Malgré l’immense espoir suscité par les accords d’Oslo, leur genèse arbitraire et non démocratique ne pouvait qu’aboutir à un pourrissement de la situation. L’espoir et le retour d’un grand nombre de Palestinien-ne-s de la diaspora étaient suivis d’une amère désillusion. L’accélération de la colonisation ne se dissimulait plus, l’implantation de colonies de peuplement était un fait accompli.

L’assassinat de Yitzhak Rabin par un jeune extrémiste israélien [4], en novembre 1995, amena Benjamin Netanyahu au pouvoir. Ce dernier vit dans les accords d’Oslo des concessions inacceptables et les apparences des accords de paix ne furent même pas honorées par le nouveau gouvernement israélien. L’infléchissement de la violence devint dès lors très net. La volonté des Israéliens de ne pas respecter le principe même d’un règlement encouragea l’opposition palestinienne, en particulier le Hamas [5], à avoir recours aux attentats pour répondre à la répression quotidienne dans les territoires toujours occupés et colonisés. L’engrenage qui s’en est suivi découle directement d’un pacte qui n’était fondé ni sur la bonne volonté ni sur des procédés démocratiques. Sous couvert de paix, les accords d’Oslo ont accentué la pauvreté et l’enfermement des Palestinien-ne-s dans les territoires gérés par l’Autorité palestinienne, mais sous contrôle israélien.

L’analyse est aujourd’hui évidente : les accords d’Oslo ont contribué à l’intensification de la violence et de la misère en Palestine et en Israël. Les étapes de cette escalade sont claires et le processus transparent. En 1995, Netanyahu et ses réformes néolibérales instaurent des tensions au sein de la population et contribuent à la corruption des élites. Côte palestinien, la militarisation de la société et l’émergence du Hamas comme force politique divise la population. La surenchère de la violence correspond non seulement aux frustrations populaires mais également aux besoins démagogiques des formations politiques rivales. Dans ce contexte, on comprend mieux l’échec des tentatives de conciliation du gouvernement étatsunien à Rye Plantation en 1998 et à Camp David en 2000, alors sous la présidence de William Clinton.
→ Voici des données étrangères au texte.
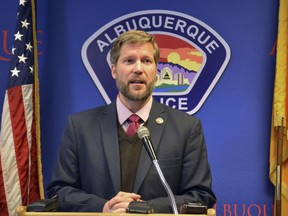FILE - Albuquerque Mayor Tim Keller speaks at a news conference in Albuquerque, N.M., on Wednesday, Jan. 17, 2018. The American Civil Liberties Union of New Mexico and others are suing the city of Albuquerque to stop officials in the state's largest city from destroying homeless encampments and jailing and fining people who are living on the street. The lawsuit filed Monday, Dec. 19, 2022, accuses the city of violating the civil rights of what advocates describe as Albuquerque's most vulnerable population. Keller's office did not immediately respond to a message seeking comment on the lawsuit.
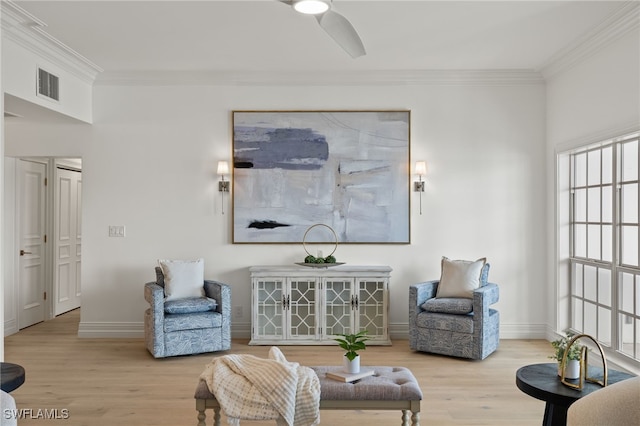 sitting room featuring visible vents, crown molding, baseboards, and wood finished floors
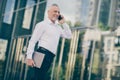 Profile photo of optimistic grey hair old business man talk telephone hold laptop wear white shirt outdoors near work Royalty Free Stock Photo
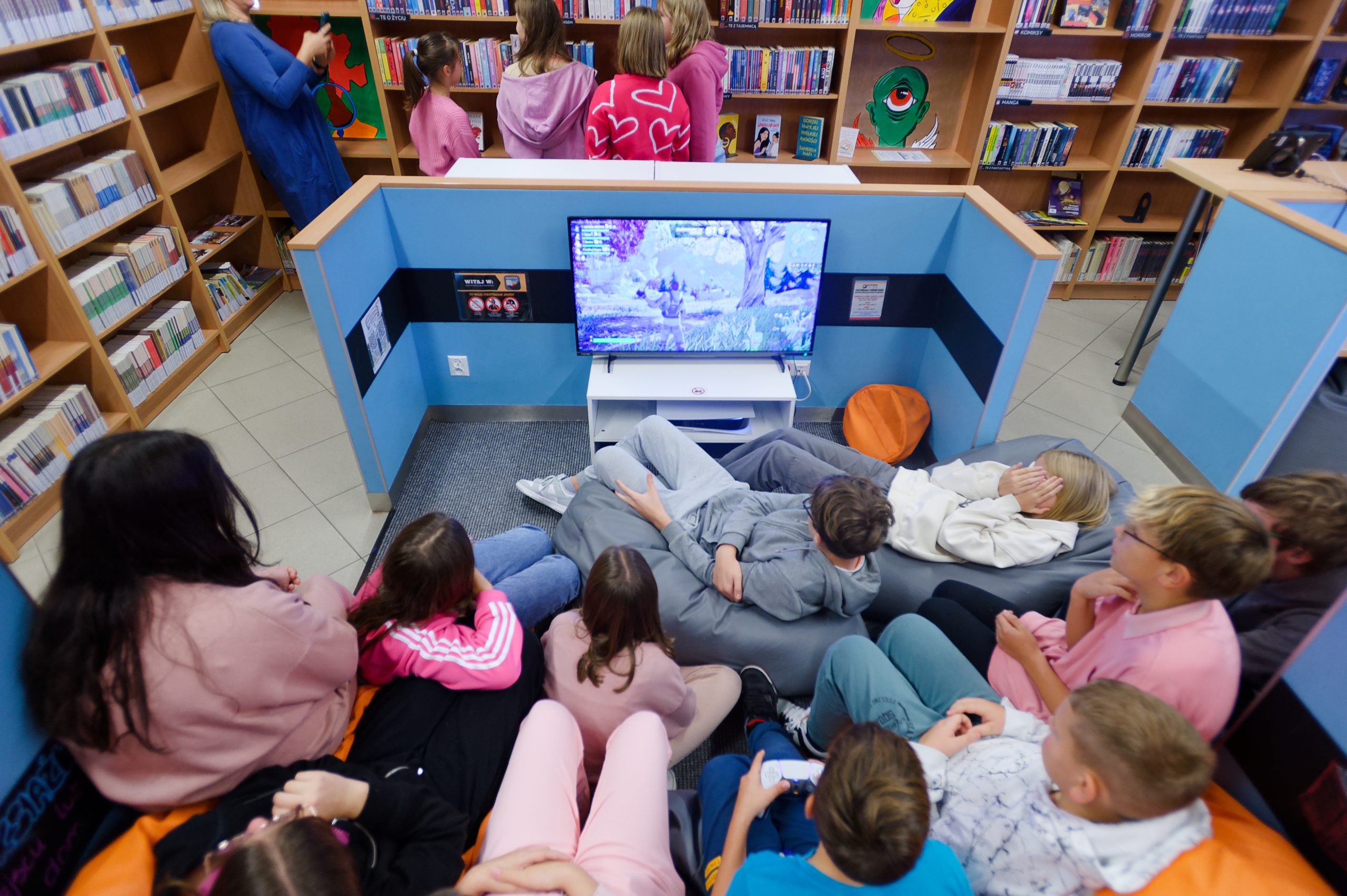 Grupa nastolatków siedząca przed telewizorem, w tle osoby stojące przy regałach z książkami.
L’élection de George Bush en 2001 et presque simultanément, d’Ariel Sharon comme Premier ministre ont accéléré une dérive déjà entamée. En septembre 2000, la provocation de Sharon se rendant sur l’esplanade des mosquées enflamma la rue palestinienne. Le début de la seconde Intifada [6] fournit alors un prétexte au gouvernement Sharon de mettre les territoires « autonomes » de la Palestine à feu et à sang.

Depuis, l’horreur et la misère atteignent leur paroxysme. En 2002, Sharon lance une offensive contre les villes palestiniennes détruisant les infrastructures civiles. L’opération « Rampart » est justifiée par la
« guerre contre le terrorisme » et est en quelque sorte sacralisée par le gouvernement Bush. Toute opposition devient l’objet de la répression sans respect des lois ou des principes humanitaires. Les exécutions extrajudiciaires — assassinats ciblés de militants palestiniens — se multiplient. Des missiles sont tirés à partir d’hélicoptères sur les cibles définies par l’armée israélienne comme dangereuses pour la sécurité d’Israël, mais de nombreux civils palestiniens sont tués. Les forces armées démontent les « réseaux terroristes » en bombardant la population.

En avril 2002, la ville de Jénine est le théâtre d’un massacre. Un général israélien évoqua l’écrasement du ghetto de Varsovie comme modèle à suivre. Le nombre de victimes reste encore inconnu, beaucoup d’entre elles étant ensevelies sous les décombres.

Le 16 juin 2002 marque aussi le début de la construction du mur de séparation, au nord de la Cisjordanie, sans souci de la ligne verte de 1967. Les expropriations s’accélèrent, les villages sont isolés des terres ou détruits, les oliviers arrachés.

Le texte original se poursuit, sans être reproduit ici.